Flash parte quarta di quattro
Il sole era al suo calare, riuscivo già ad intravedere uno spicchio di luna che risaliva lento dalla parte opposta, mi sentivo come se mi avessero infilzato allo stomaco ed infierito con la lama ruotandola dentro di esso, mi convinsi di essere un totale perdente, che mi ero ridotto a fare la figura dello stupido e per cosa? Per una donna della quale sapevo poco se non addirittura niente, ero arrabbiato con me stesso più che con lei. Avevo ancora il violino nella mano destra, credo che lo strinsi così tanto da provocarmi qualche piccolo taglio, avevo la tremenda voglia di lanciarlo via e vederlo spaccarsi in mille pezzi, così alzai il braccio pronto a scagliarlo contro una roccia
“Ryuk” una voce alle mie spalle mi bloccò sul posto, era la sua voce… ancora lei, cosa voleva ancora dopo quello schiaffo.
“Non pensi di avermi umiliato abbastanza?”
Restai fermo senza voltare le spalle verso di lei, ma presi un profondo respiro e ruotai trovandomela a pochi passi di distanza. Il suo sguardo era diverso, il viso diviso a metà tra un sorriso appena accennato e gli occhi tristi, quella donna mi confondeva come nessuno mai aveva fatto.
Non ebbi il coraggio di dire nulla, restai fermo ad osservarla, ma lei avanzò nuovamente verso di me e si gettò tra le mie braccia, mi strinse e sentii per la prima volta il suo calore sulla pelle ed il suo sapore sulle labbra. Mi baciò… un bacio casto ma così intenso che credo che il sangue mi ribollì nelle vene come il fuoco nel vulcano Solumquae. Avevo quasi il timore di sfiorarla, ma non ce la feci e la strinsi forte a me, avvolgendola in un abbraccio.

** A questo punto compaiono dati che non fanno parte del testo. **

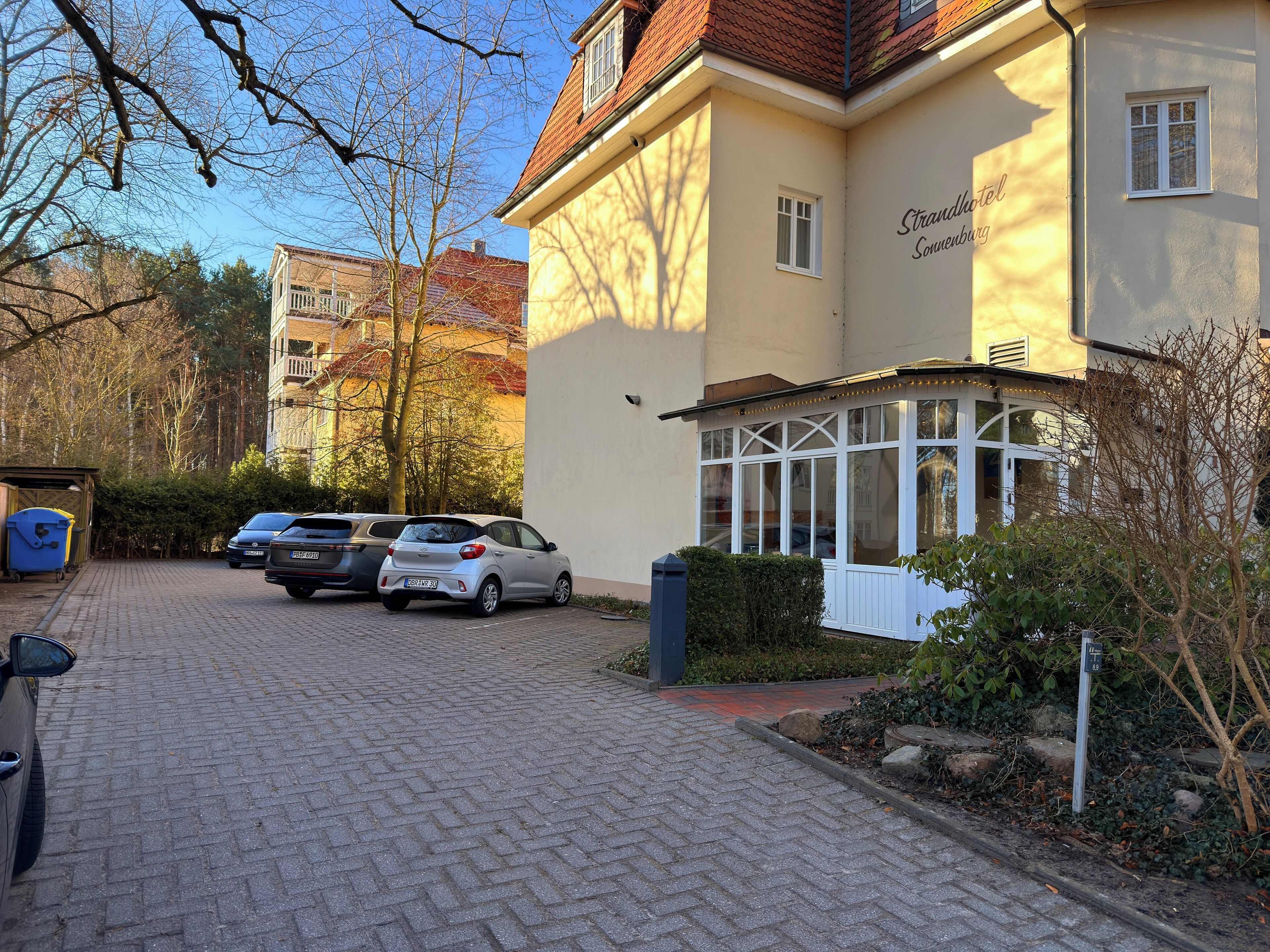 A building with a sign reading 'Strandhotel Soverburg,' a paved driveway, parked cars, and a small garden area.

Non so quanto tempo restammo così, se troppo poco o un lasso incalcolabile, persi la cognizione di ogni cosa, ma quando si staccò e mi guardò in quel modo, mi sentii tornare coi piedi per terra con lei che mi faceva da ancora.

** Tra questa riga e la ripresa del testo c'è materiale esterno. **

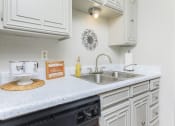Thumbnail 39 of 54 - a kitchen with white cabinets and a sink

“Perdonami, non ho ancora parlato di te alla mia famiglia, mio padre è all’antica e vuole decidere della mia vita, vederti là mi ha spiazzata…” Le parole presero voce nuovamente, improvvisamente ogni cosa assunse un significato, ero stato affrettato, avevo sbagliato ogni cosa, avevo calpestato le sue intenzioni.
“Perdonami tu… è che volevo farti sentire cosa ho composto per te e pensavo… niente… ho pensato male”
Mi strinse ancora a sé per qualche istante, ero ancora intontito… non capivo assolutamente nulla, ma ero di una felicità disarmante.
“E’ il compleanno di mia sorella, le ho cucinato una torta con quello che avevo in casa, purtroppo non posso permettermi altro e mio padre fa già tanti sacrifici per noi… devo tornare, si chiederanno che fine io abbia fatto” sciolse l’abbraccio e mi sentii incredibilmente vuoto, riuscii solo ad afferrarle il posto giusto in tempo ed a tirare fuori dalla tasca il ciondolo che avevo per lei
“Questo era di mia madre, regalalo a tua sorella te ne prego” Le porsi la collana con il cuore argenteo che ne pendeva e lei lo accolse in una mano
“E’ bellissimo… ma non…”,
“Accetta… accetta per favore”. Strinse la mano e mi sorrise raggiante, mi regalò un ultimo bacio e corse via velocemente, forse iniziai a capire cosa fosse la felicità.